Excerpts from the Introduction
"Because a comprehension of the internal logic and the 'old finery' of Elizabethan lyric has now almost vanished, I have written this Commentary to restore them to view as they appear in Shakespeare's Sonnets. I hope, of course, that the logic and the finery will be relished as soon as seen."
"To arrive at the understandings proposed in my Commentary, I found it necessary to learn the Sonnets by heart....No pianist or violinist would omit to learn a sonata by heart before interpreting it in public performance, but the equal habit of knowing poetry by heart before interpreting it has been lost. I first memorized many of the Sonnets...in the heartfelt way of youth, and I hope I have not lost that 'heartfelt' sense of the poems. But I have since learned to love in a more conscious way Shakespeare's elated variety of invention, his ironic capacity, his astonishing refinement of technique, and, above all, the reach of his skeptical, imaginative intent. I hope in this Commentary to illustrate those qualities, as well as, from time to time, the pathos, reflectiveness, and moral urgency already well described by previous readers."
"The Sonnets... deserve detailed and particular commentary because they comprise a virtual anthology of lyric possibility--in the poet's choice of subgenres, in arrangements of words, in tone, in dramatic modeling of the inner life, in speech-acts."
"The ethics of lyric writing lies in the accuracy of its representation of inner life, and in that alone."
"The persistent wish to turn the sequence into a novel (or a drama) speaks to the interests of the sociopsychological critic, whose aim is less to inquire into the successful carrying-out of a literary project than to investigate the representation of gender relations...It does no good to act as if these lyrics were either a novel or a documentary of a lived life."
"The 'story' of the Sonnets continues to fascinate readers, but lyric is both more and less than story...A coherent psychological account of the Sonnets is what the Sonnets exist to frustrate.
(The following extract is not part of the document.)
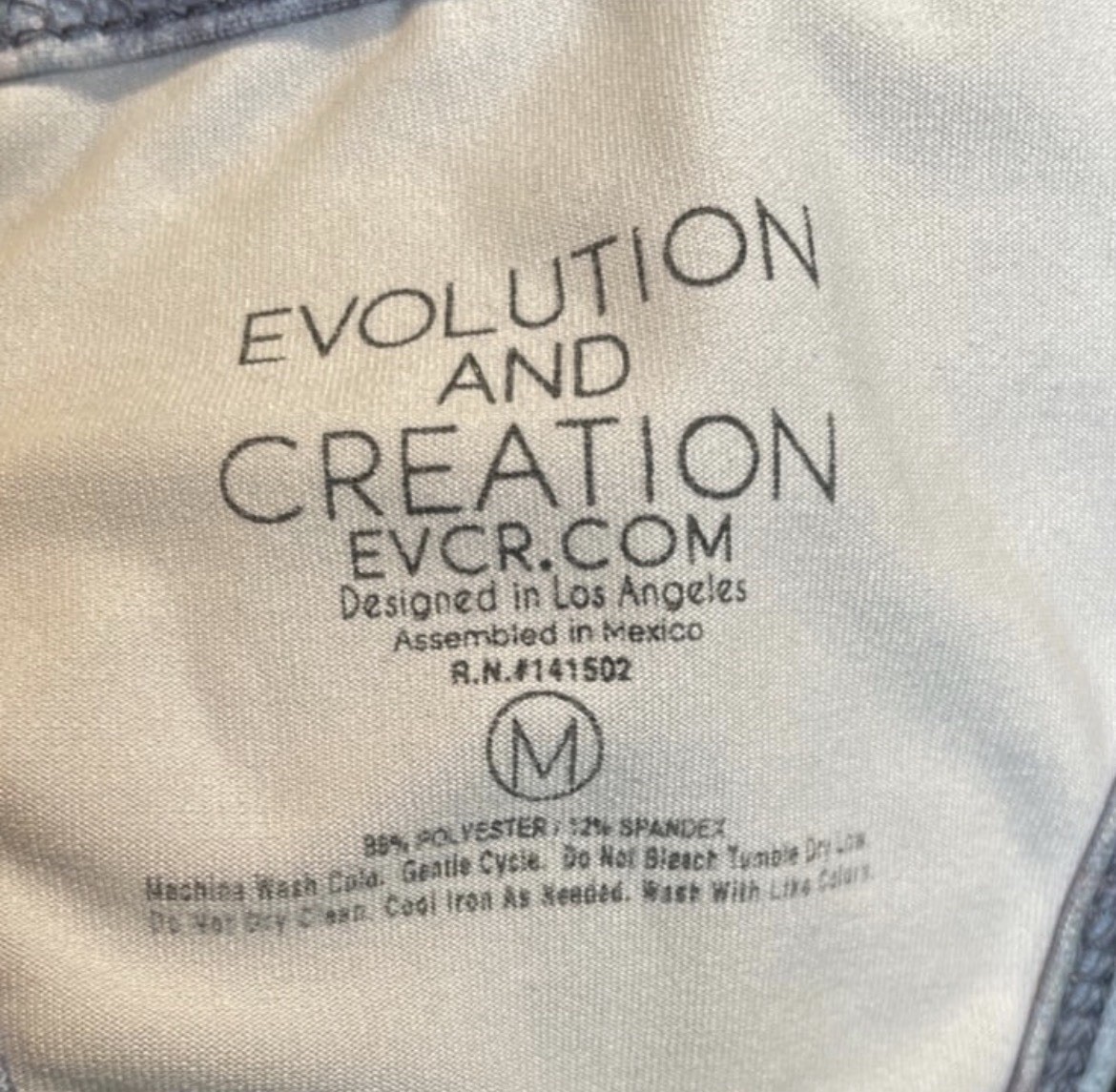 Evolution and Creation Multicolor Tie-Dye Crop To… - image 4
They do not fully reward psychological criticism...any more than they do political criticism."
"The true 'actors' in lyric are words, not 'dramatic persons' and the drama of any lyric is constituted by the successive entrances of new sets of words...Thus, the introduction of a new linguistic strategy is, in a sonnet, as interruptive and interesting as the entrance of a new character in a play."
"A writer of Shakespeare's seriousness writes from internal necessity--to do the best he can under his commission...and to perfect his art. What is the inner agenda of the Sonnets? What are their compositional motivations? What does a writer gain from working, over and over, in one subgenre? My brief answer is that Shakespeare learned to find strategies to enact feeling in form, feelings in forms, multiplying both to a superlative degree through 154 poems. No poet has ever found more linguistic forms by which to replicate human responses than Shakespeare in the Sonnets."
"I leave a record here of what one person has remarked so that others can compare their own noticings with mine. In such a way, we may advance our understanding of Shakespeare's procedures as a working poet--that is, as a master of aesthetic strategy."